Exercise requirements — Produce a faithful copy of every record below, without the pictures.
The data section start
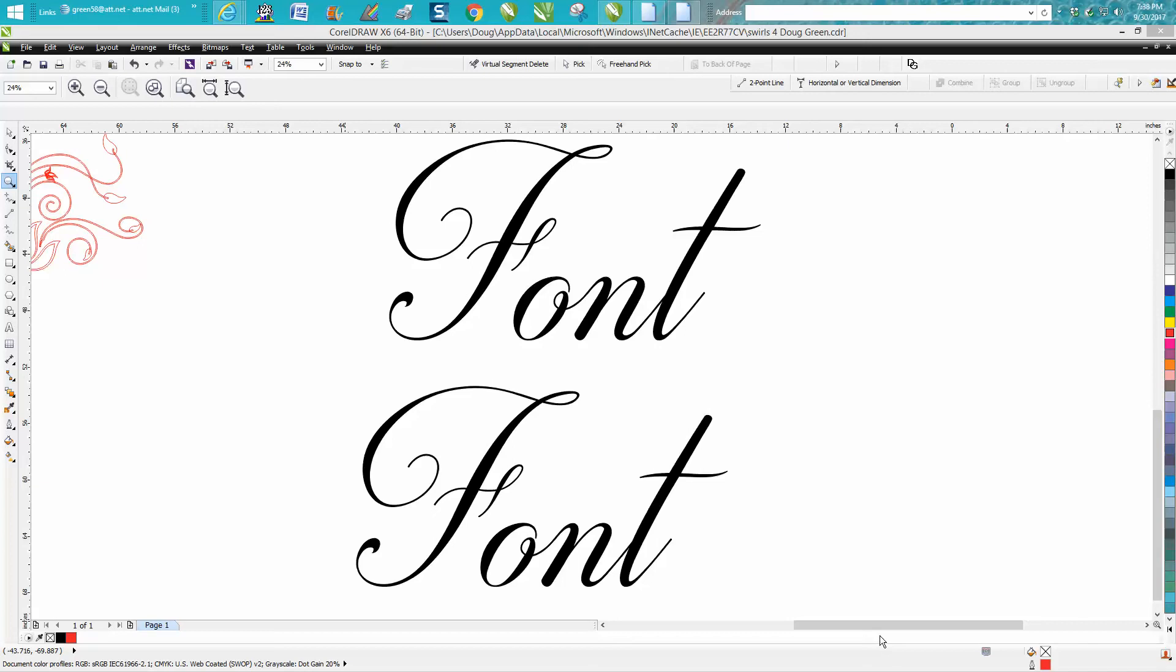Hi, it's me again with CorelDraw Tips and Tricks and tonight's video is going to be to make this font a little thicker.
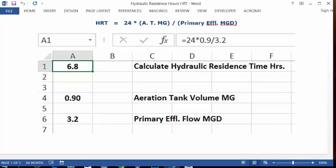Open up a blank Excel worksheet. In cell C1, type 'Calculate Hydraulic Residence Time, Hours.' In A1, format it as whole numbers with one decimal, and set it as bold and centered.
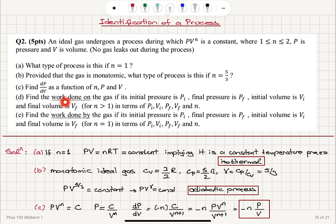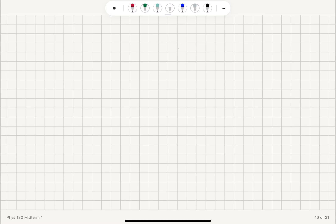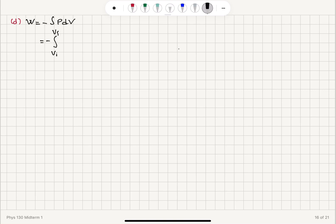Part D: find the work done on the gas if its initial pressure is p-initial, final pressure is p-final, initial volume is v-initial, and final volume is v-final, for n greater than 1. The work done on the gas is minus the integral of p dv, which is minus the integral from v-initial to v-final of c divided by v to the n dv.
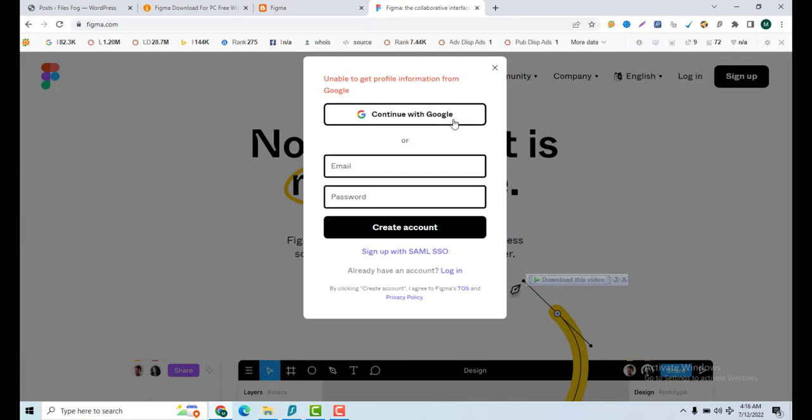After you log in, you will get a pop-up message to open the desktop app. When you click it, it will take you to the desktop app and then you can use this software.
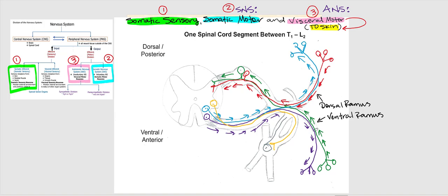Considering skin found anteriorly or laterally, let's trace the direction of the action potential — this is motor. Out the ventral root, into the white ramus — always the white ramus. It synapses with the postganglionic neuron, and the action potential travels through the postganglionic neuron's axon as it makes its way to structures associated with the skin.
The data section end
Response to the exercise —
Hi, it's me again with CorelDraw Tips and Tricks and tonight's video is going to be to make this font a little thicker.
Open up a blank Excel worksheet. In cell C1, type 'Calculate Hydraulic Residence Time, Hours.' In A1, format it as whole numbers with one decimal, and set it as bold and centered.
Part D: find the work done on the gas if its initial pressure is p-initial, final pressure is p-final, initial volume is v-initial, and final volume is v-final, for n greater than 1. The work done on the gas is minus the integral of p dv, which is minus the integral from v-initial to v-final of c divided by v to the n dv.
After you log in, you will get a pop-up message to open the desktop app. When you click it, it will take you to the desktop app and then you can use this software.
Considering skin found anteriorly or laterally, let's trace the direction of the action potential — this is motor. Out the ventral root, into the white ramus — always the white ramus. It synapses with the postganglionic neuron, and the action potential travels through the postganglionic neuron's axon as it makes its way to structures associated with the skin.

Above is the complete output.